--- TASK DATA Enclosed Below ---
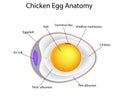 Chicken egg anatomy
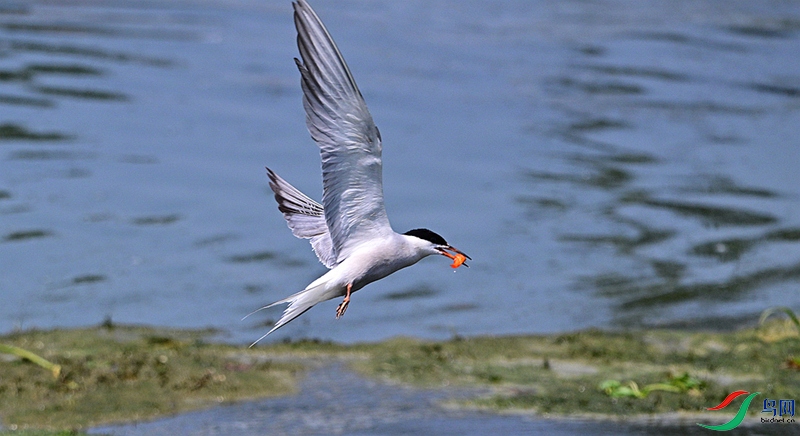 DSC_0762.JPG
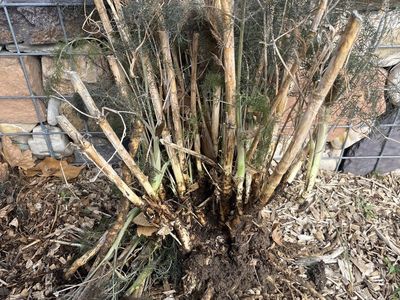 Free Fennel Plant needs To Bbe Picked Up Now
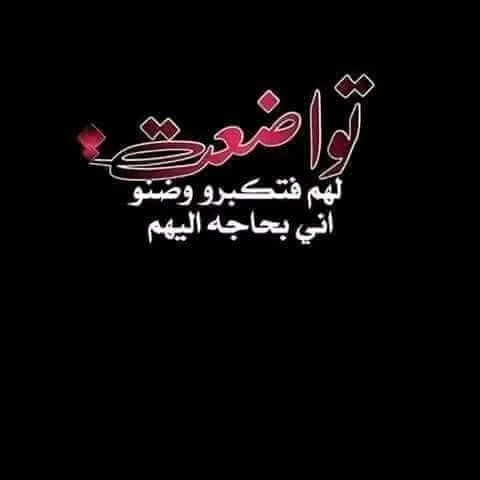 0417a35288dbf9d3cf8403101ce55194.webp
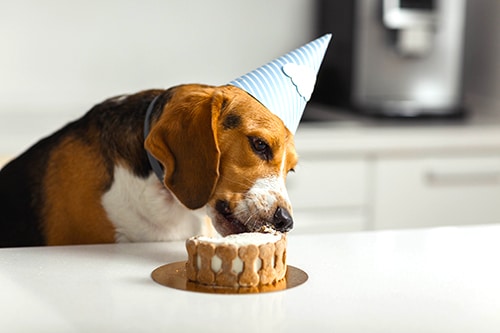 Birthday for a dog of breed beagle. Happy dog eating delicious cake Easy Dog Birthday Cake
--- End of Enclosed TASK DATA ---
The output must match, line for line, the span from the line containing "0417a35288dbf9d3cf8403101ce55194.webp" through the end of the data, with the pictures removed.

#### [EXERCISE RESULT]
 0417a35288dbf9d3cf8403101ce55194.webp
 Birthday for a dog of breed beagle. Happy dog eating delicious cake Easy Dog Birthday Cake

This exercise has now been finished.